My question is, will I be able to take the DKT Drivers Knowledge Test during my visit next month?
The plan is to take the DKT so that when I actually move there I can take the test for the Learners Licence.

I am over 25 years old and will be in NSW.
I'll be staying at a hotel next month so that will be the only address I can provide...

Thanks in advance for any help!


----------



## Dexter (May 5, 2010)

If you want to take a computer test for L license - just call RTA and ask them if you need to book it in first. From what I can remember, you can just walk in and take it straight away...


----------



## anemone (Jan 27, 2012)

*thanks*



Dexter said:


> If you want to take a computer test for L license - just call RTA and ask them if you need to book it in first. From what I can remember, you can just walk in and take it straight away...

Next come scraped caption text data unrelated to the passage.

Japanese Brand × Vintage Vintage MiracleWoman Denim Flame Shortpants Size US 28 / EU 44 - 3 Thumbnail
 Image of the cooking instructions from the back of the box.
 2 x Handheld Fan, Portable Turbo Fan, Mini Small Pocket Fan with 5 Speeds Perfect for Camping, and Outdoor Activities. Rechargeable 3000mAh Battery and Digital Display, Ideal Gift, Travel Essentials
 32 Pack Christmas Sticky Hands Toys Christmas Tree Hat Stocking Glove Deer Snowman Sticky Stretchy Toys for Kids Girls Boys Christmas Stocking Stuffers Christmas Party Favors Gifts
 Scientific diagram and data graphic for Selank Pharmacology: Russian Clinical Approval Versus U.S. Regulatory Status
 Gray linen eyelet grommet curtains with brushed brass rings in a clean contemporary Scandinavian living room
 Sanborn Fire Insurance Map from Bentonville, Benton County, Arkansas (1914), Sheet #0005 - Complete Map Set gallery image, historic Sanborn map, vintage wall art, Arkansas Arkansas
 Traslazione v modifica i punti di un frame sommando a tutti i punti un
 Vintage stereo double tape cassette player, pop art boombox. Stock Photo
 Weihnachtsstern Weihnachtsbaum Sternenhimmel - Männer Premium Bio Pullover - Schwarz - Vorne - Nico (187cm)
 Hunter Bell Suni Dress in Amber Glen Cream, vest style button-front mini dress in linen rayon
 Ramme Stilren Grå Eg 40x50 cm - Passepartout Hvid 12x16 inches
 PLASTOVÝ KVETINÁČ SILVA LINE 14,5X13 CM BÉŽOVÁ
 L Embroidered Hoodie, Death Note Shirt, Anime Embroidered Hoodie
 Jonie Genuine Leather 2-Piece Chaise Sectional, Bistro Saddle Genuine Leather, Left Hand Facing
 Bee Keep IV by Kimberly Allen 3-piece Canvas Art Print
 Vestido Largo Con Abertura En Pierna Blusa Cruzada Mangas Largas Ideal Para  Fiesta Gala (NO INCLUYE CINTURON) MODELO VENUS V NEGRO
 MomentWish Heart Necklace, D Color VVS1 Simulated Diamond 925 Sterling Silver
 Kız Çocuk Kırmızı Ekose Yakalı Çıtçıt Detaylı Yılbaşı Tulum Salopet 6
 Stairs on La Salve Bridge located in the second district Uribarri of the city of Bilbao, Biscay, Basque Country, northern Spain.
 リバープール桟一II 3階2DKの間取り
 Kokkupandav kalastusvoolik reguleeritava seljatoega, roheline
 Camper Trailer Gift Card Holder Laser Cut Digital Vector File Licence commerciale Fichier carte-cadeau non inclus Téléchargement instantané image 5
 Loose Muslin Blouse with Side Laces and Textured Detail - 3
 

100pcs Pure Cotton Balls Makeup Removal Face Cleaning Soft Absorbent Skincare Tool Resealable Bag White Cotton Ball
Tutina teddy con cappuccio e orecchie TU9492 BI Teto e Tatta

thank you Dexter- hopefully they will accept my hotel address? i'm australian but have no actual address there.


----------



## 4wdtraveller (Jul 28, 2011)

Do you have a drivers lic overseas? There are countries that have a reciprocal agreement with Australia that would allow you to drive with payment of a fee.
Licences from recognised countries

I think your hotel address will be ok but you may need some proof you are staying there.

If you have done the learners test in another country,that may also be accepted with some conditions


----------